日本地球惑星科学連合2025年大会

講演情報

[J] 口頭発表

セッション記号 S (固体地球科学) » S-SS 地震学

[S-SS10] 地震発生の物理・断層のレオロジー

2025年5月30日(金) 09:00 〜 10:30 展示場特設会場 (3) (幕張メッセ国際展示場 7・8ホール)

コンビーナ:柴田 律也(防災科学技術研究所)、澤井 みち代(千葉大学)、奥田 花也(海洋研究開発機構 高知コア研究所)、津田 健一(清水建設 株式会社 技術研究所)、座長:柴田 律也(防災科学技術研究所)、津田 健一(清水建設 株式会社 技術研究所)

09:15 〜 09:30

[SSS10-06] スラブ内とプレート境界における地震発生パターンの異なりと、繰り返し地震誤検出の可能性

*吉田 圭佑1 (1.東北大学理学研究科附属地震噴火予知研究観測センター)

キーワード:繰り返し地震、断層サイズ、2003年宮城沖スラブ内地震、波形相関

Repeating earthquakes (REs) provide unique data for detecting aseismic slip through their repeated ruptures of the same fault area. While REs are common at plate boundaries, their occurrence within slabs and crusts has been recently suggested. However, how arbitrary thresholds used in RE detection methods (e.g., waveform correlation or distance thresholds) influence the final results remains poorly understood. Using 13,000 M>2 earthquakes near the 2003 Mw 7.0 Miyagi-oki intraslab earthquake, we examine earthquake repetition in both interplate and intraslab environments in detail.

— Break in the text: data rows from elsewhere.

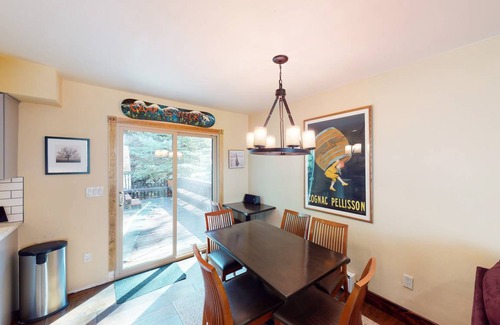 Intermountain House | House ∙ 3 bedrooms ∙ 8 guests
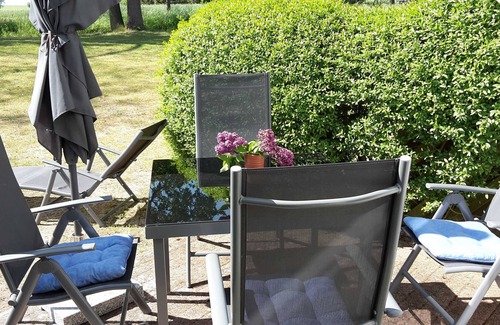Stolpe auf Usedom Apartment | Lagoon-View Cottage B8: Pet-Friendly and Family Ready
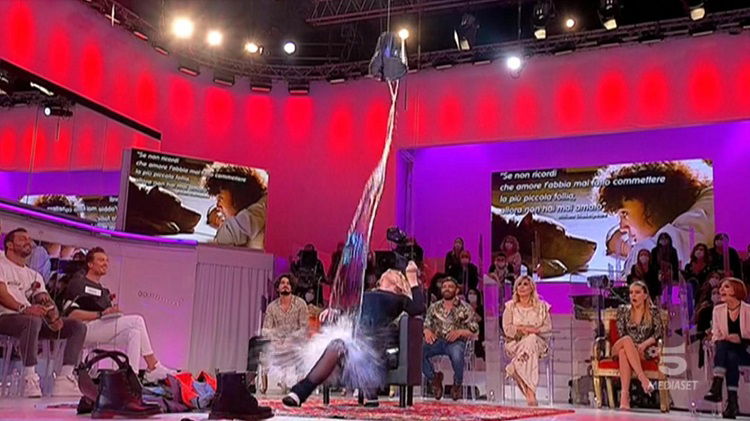 ‘Uomini e Donne’: l’opinione di Chia sulla puntata del 14/12/20 preview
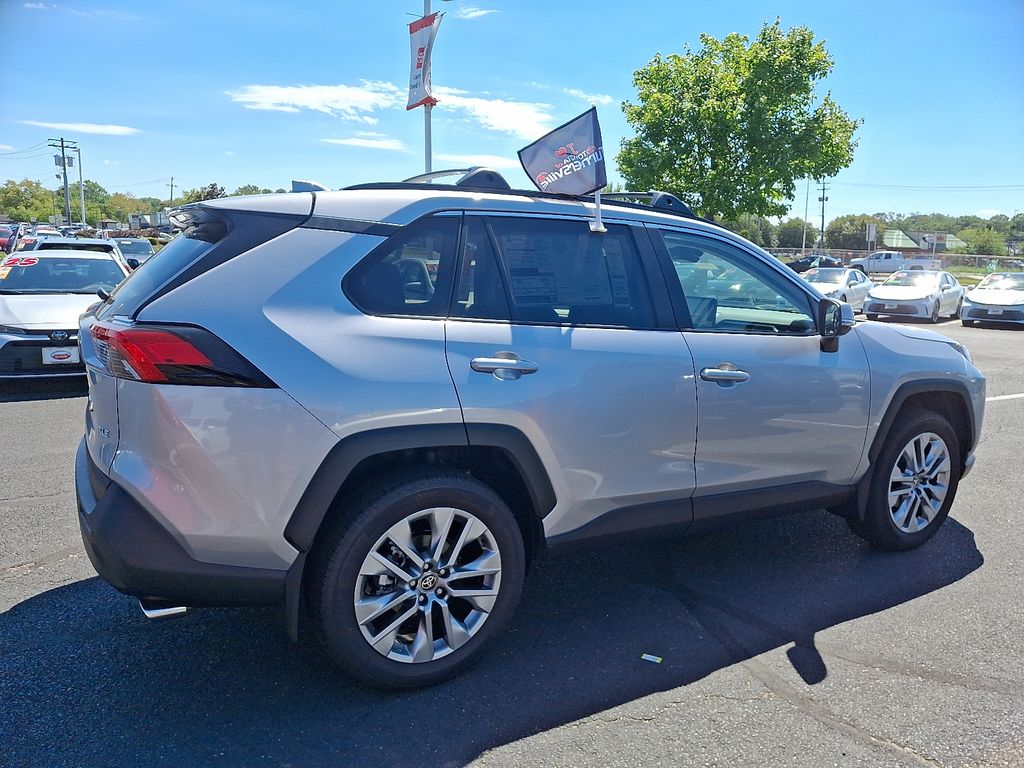 Thumbnail: 2025 Toyota RAV4 - 7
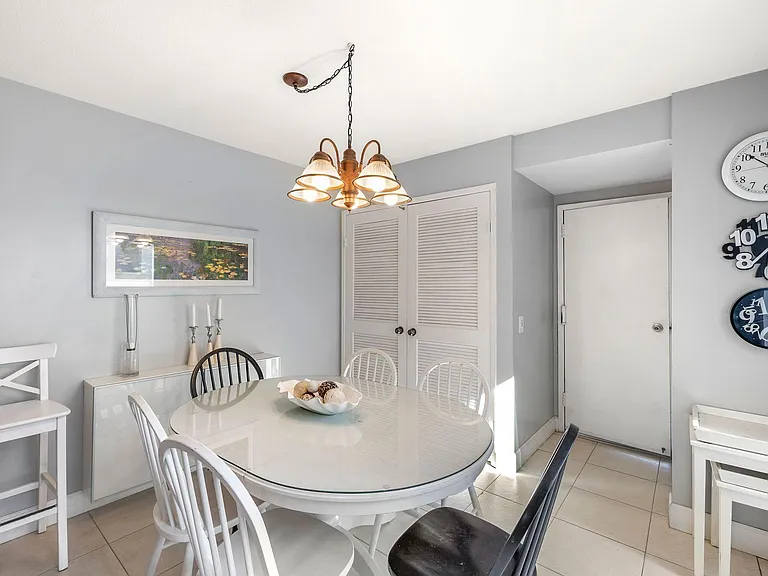 69 Kingston Ct W — Photo 20
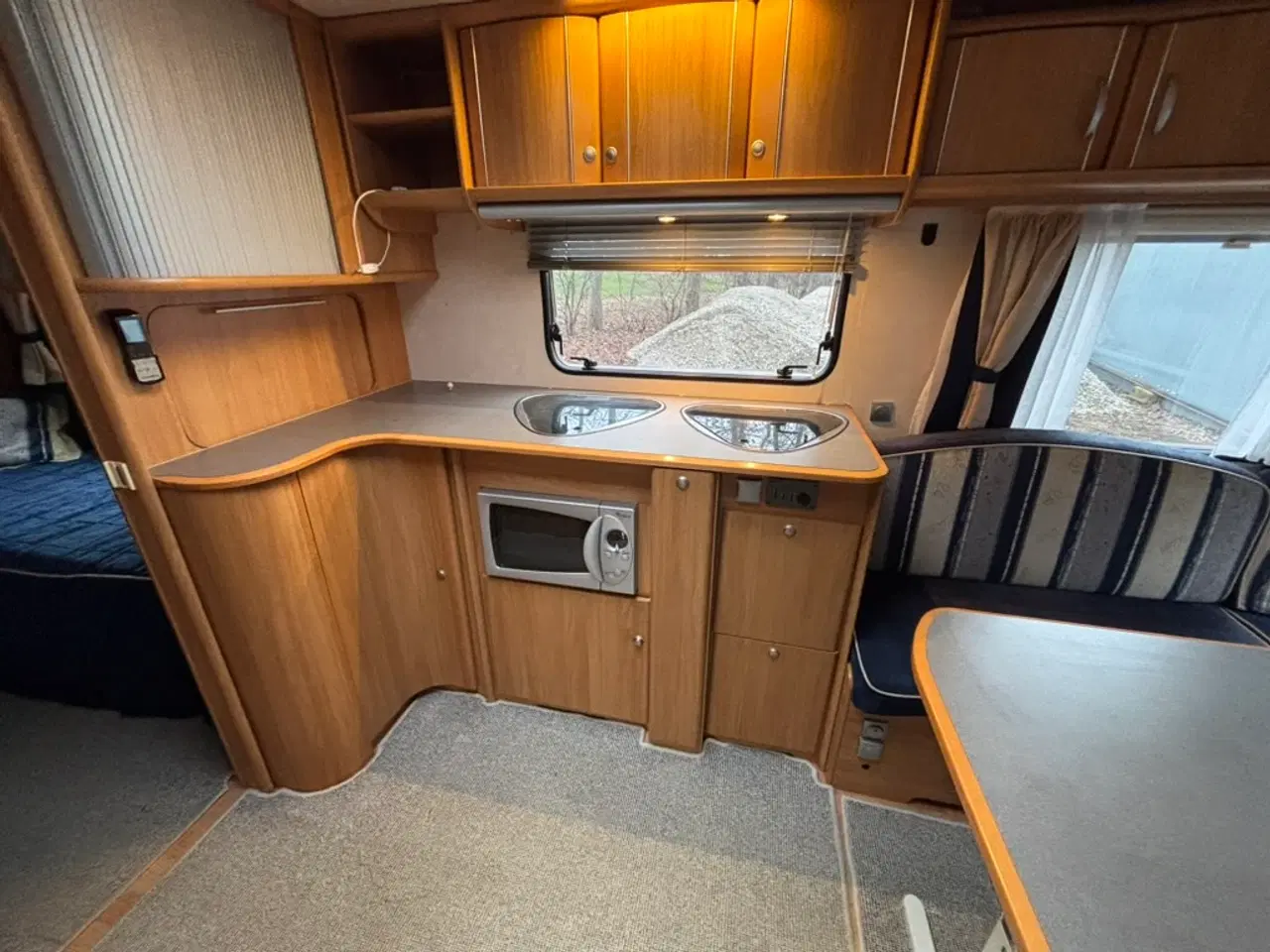 Billede 5 - Kvalitetsvogn med aircon, centralvarme og mover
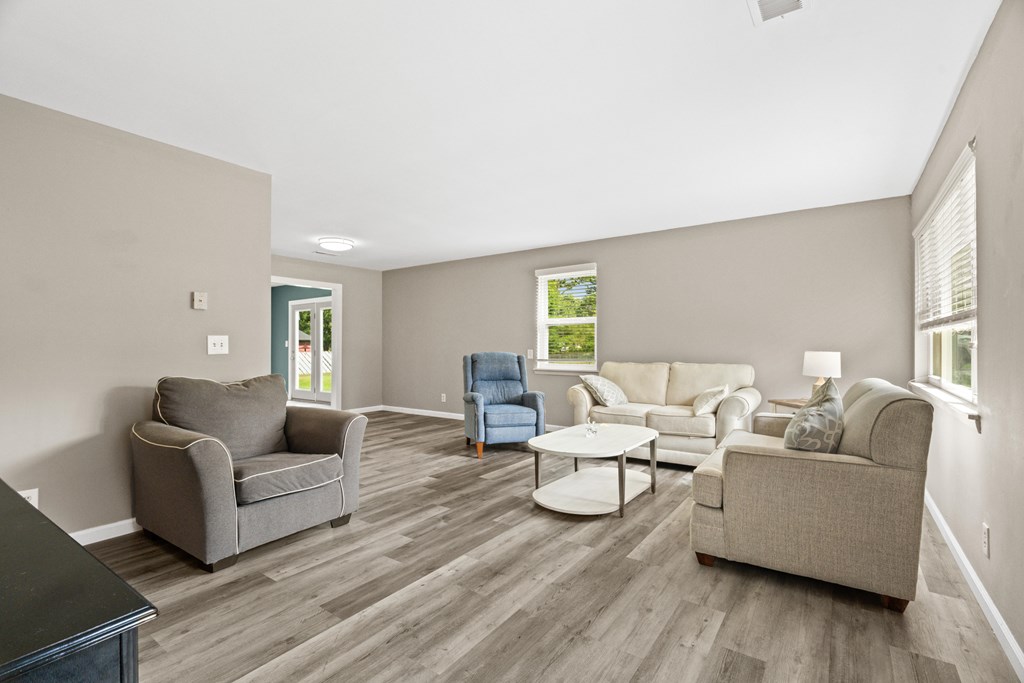 Residential in Chatsworth 4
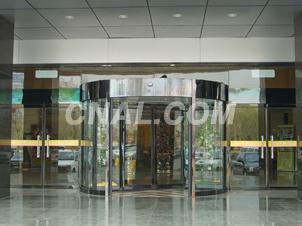 多樣化高品質工業門解決方案 三翼兩翼旋轉門與自動平移門鋁型材供應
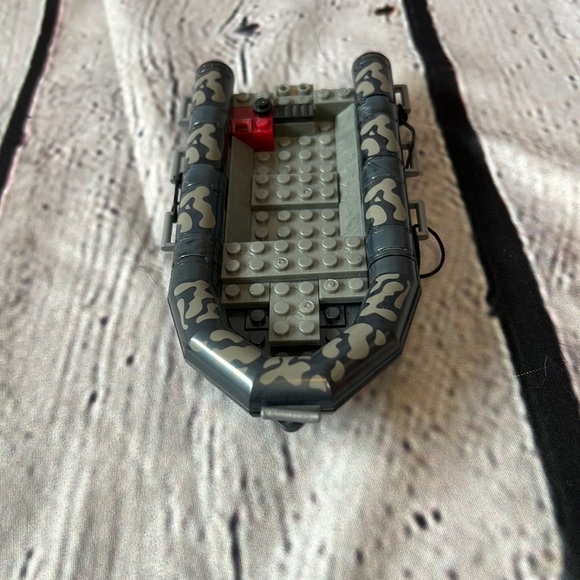 Mega Bloks Call of Duty military Raft - Picture 5 of 6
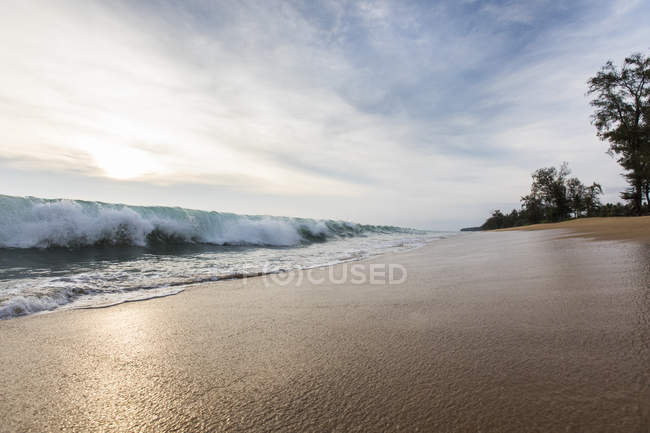 Coastal scene of beach and sea tide in Thailand — Stock Photo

After relocation, we identified 400 RE pairs based on source overlapping, all occurring on the plate boundary with none within the slab. These REs show shorter rupture durations and higher stress drops than expected from typical 3-10 MPa stress drops, suggesting that RE detection based on typical stress drops and loose criteria may misidentify adjacent earthquakes as REs.

While REs show very high correlation (cc > 0.98), adjacent earthquakes also exhibit high correlation (cc > 0.95), indicating that high waveform correlation alone does not necessarily identify REs at the same location. For adjacent earthquake pairs (~400 m distance), waveform similarity gradually decreases with increasing hypocentral distance, likely due to seismic scattering. This suggests that moderately distant stations, where scattering effects dominate internal attenuation, may be more suitable for RE detection. Intraslab events exhibit systematically lower correlation coefficients than interplate events for given interevent distances, suggesting either greater diversity in focal mechanisms or stronger structural heterogeneity in the slab environment.

The interevent distance distribution reveals a clear contrast: concentrated overlapping for interplate events versus scattered distribution for intraslab events. This difference possibly reflects different contributions of aseismic and seismic slip on faults, varying degrees of patch isolation, and different fault geometries (single plate boundary versus multiple planes in the slab) and maturity. Careful assessment is needed when evaluating repeating earthquakes in environments like the slab interior, where seismicity is not necessarily confined to isolated areas.